Any optimism garnered by back to back victories over Wolves and Bolton was soured by a dismal defeat by Stoke at Goodison on Sunday.
However, given red cards this term for similar crunching tackles by Jack Rodwell – and this week Liverpool’s Jay Spearing – would Neville stay on the pitch if he delivered the goods again?
Neville suspects not – but he is not about to start slamming referees because of that reality, instead he sympathises with them.
“The authorities are bringing in rules to try and improve football as a spectacle and they’re putting an awful lot of pressure on referees to enforce these rules,” he says.
“But maybe we need to relax and give the referees more leeway to use common sense and their own discretion.
“In life you can’t always be a robot. You need to let them judge the occasion and the conditions and take each tackle on its merit. That would help them.

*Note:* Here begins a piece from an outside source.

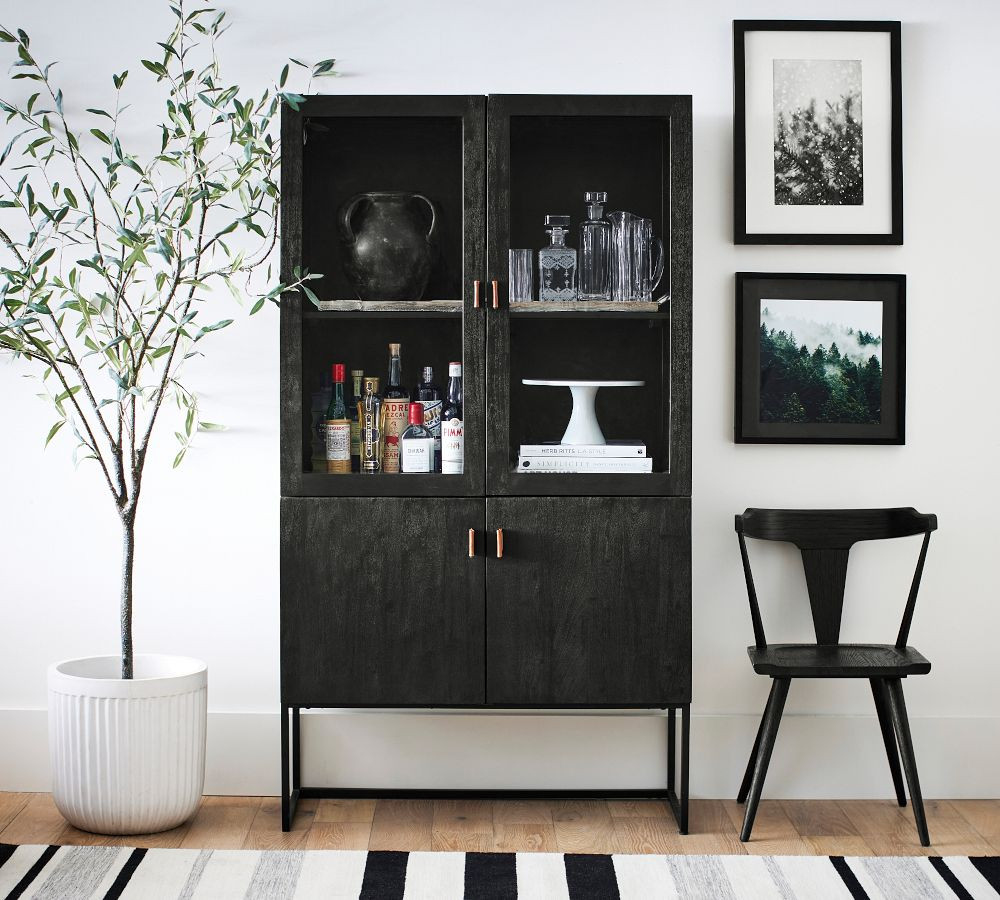 Hardy Bar Cabinet | Pottery Barn (US)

“People say five years ago that something wouldn’t have been a yellow card. But at the same time maybe we just have to get used to the changes, they’re changing all the time. To get the game better you’re going to have situations where people get sent off.
“David Wheater got sent off against us at Bolton. Was it a red card? Yes it was a red card in terms of football now, but when I first got into the team it wouldn’t have been.
“When I first came through as a full back, my main objective was that my first tackle on the winger I was coming up against had to be a hard one. I had to smash him basically.
“Smash your winger early on you don’t see him again – that was the rule of thumb 15 years ago. But football has progressed. We’re on tackling at the moment, but maybe diving is as big an issue, maybe goal line technology is.”
Neville might speak fondly of a less complicated era in terms of rules, but he is not advocating a return to the blood and thunder days of the Seventies and Eighties.
“You don’t want a centre half crashing through the back of a centre forward,” he says. “Raking down the back of their calf and achilles, trying to look like they won the ball but really they went through the leg. You don’t want that.”
But, says the former England international, there must be some concession left to the physical side of football.
“In terms of tackling though it can have the same effect on a game that goals can. It can raise the atmosphere, it can inspire the team.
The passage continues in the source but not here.